Fixed-width files are text files where columns are defined by character positions rather than delimiters. This format is common in legacy mainframe systems, government data feeds, and financial data exports.

Quick Start

1. Create a Spec File

Create a YAML file defining your column positions:

# specs/legacy_spec.yaml
columns:
  - name: id
    start: 0        # 0-indexed character position
    length: 5       # Number of characters
    type: INTEGER   # Native engine type
    trim: true      # Strip whitespace (optional, default: false)

  - name: name
    start: 5
    length: 30
    type: VARCHAR
    trim: true

  - name: amount
    start: 35
    length: 10
    type: DOUBLE

2. Configure Your Table

In fairway.yaml:

tables:
  - name: "legacy_records"
    path: "data/raw/*.txt"
    format: "fixed_width"
    fixed_width_spec: "specs/legacy_spec.yaml"

3. Run Ingestion

fairway run

Spec File Format

Field Required Description
name Yes Column name in output
start Yes 0-indexed start position
length Yes Number of characters to read
type No Engine-native type (default: VARCHAR)
trim No Strip whitespace (default: false)

Supported Types

Use native engine types directly:

DuckDB PySpark Description
INTEGER INTEGER 32-bit integer
BIGINT LONG 64-bit integer
DOUBLE DOUBLE 64-bit float
VARCHAR STRING Text

Hierarchical Data (Record Type Filtering)

Some fixed-width formats (e.g., IPUMS census data) interleave multiple record types in a single file — household records (H) and person records (P) on alternating lines.
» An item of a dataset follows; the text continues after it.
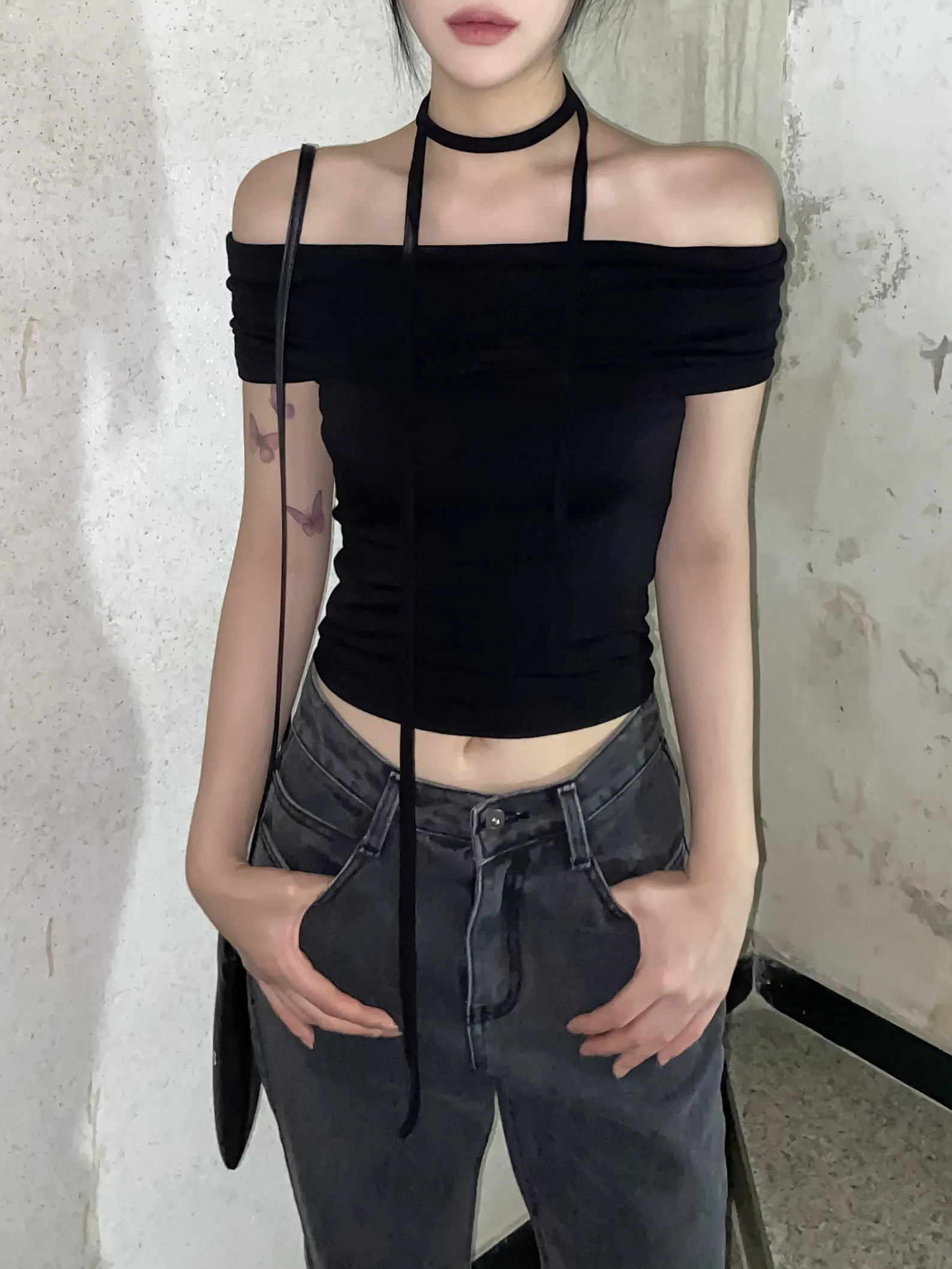 ストラップ付ロールオフショルダー半袖Tシャツ | 詳細画像1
Use record_type_filter in the spec to select only one record type:

# specs/us1950_H_spec.yaml
record_type_filter:
  position: 0       # 0-indexed position of the record type indicator
  length: 1         # Length of the indicator field
  value: "H"        # Keep only lines where this field equals "H"

columns:
  - name: rectype
    start: 0
    length: 1
    type: VARCHAR
  - name: serial
    start: 1
    length: 8
    type: BIGINT
    trim: true
  # ... household-specific columns

Generate separate spec files for each record type (e.g., us1950_H_spec.yaml and us1950_P_spec.yaml) and configure separate tables for each:

tables:
  - name: "census_1950_household"
    path: "data/*.dat"
    format: "fixed_width"
    fixed_width_spec: "specs/us1950_H_spec.yaml"
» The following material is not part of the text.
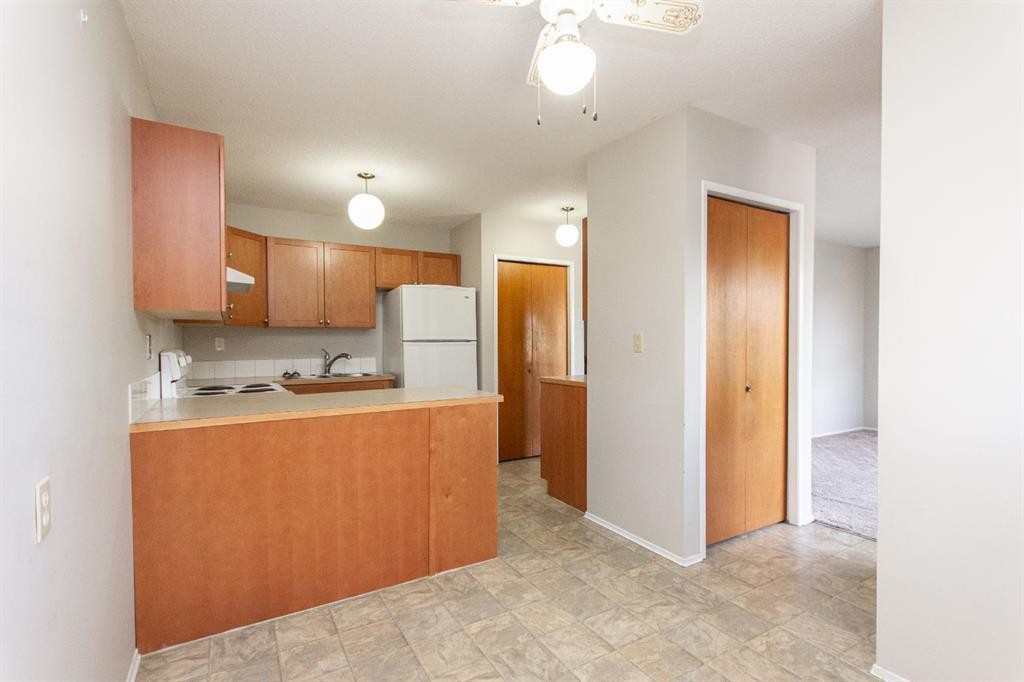 19 Gibson Close, Red Deer, AB - Indoor Photo Showing Kitchen With Double Sink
  - name: "census_1950_person"
    path: "data/*.dat"
    format: "fixed_width"
    fixed_width_spec: "specs/us1950_P_spec.yaml"

Type Enforcement

Fixed-width columns are initially read as VARCHAR. Fairway applies two-layer type enforcement to convert them to the types declared in your spec:

  1. Spec types: Column types defined in the spec file (e.g., BIGINT, DOUBLE)
  2. TRY_CAST: Safe casting that converts invalid values to NULL instead of failing

Configure the failure behavior per table:

tables:
  - name: "census_data"
    format: "fixed_width"
    fixed_width_spec: "specs/census_spec.yaml"
    type_enforcement:
      on_fail: null    # TRY_CAST: invalid values become NULL (default)
on_fail Behavior
null (default) Use TRY_CAST — invalid values become NULL
strict Use CAST — fail on any invalid value

Data Validation

Fixed-width ingestion enforces strict validation per RULE-115:

  • Line Length Check: All lines must be at least as long as the rightmost column endpoint
  • Short Lines Fail: If any line is too short, ingestion fails with a clear error showing samples
  • No Silent Truncation: Partial data is never silently dropped

Skipping Corrupted Lines

If your data has a small number of corrupted or truncated lines, use min_line_length to filter them out before validation:

tables:
  - name: "legacy_records"
    path: "data/*.dat"
    format: "fixed_width"
    fixed_width_spec: "specs/legacy_spec.yaml"
    min_line_length: 500    # Skip lines shorter than 500 characters

Lines shorter than min_line_length are silently dropped before the RULE-115 check runs. This is useful for fixed-width files with occasional corrupted records that would otherwise fail the entire ingestion.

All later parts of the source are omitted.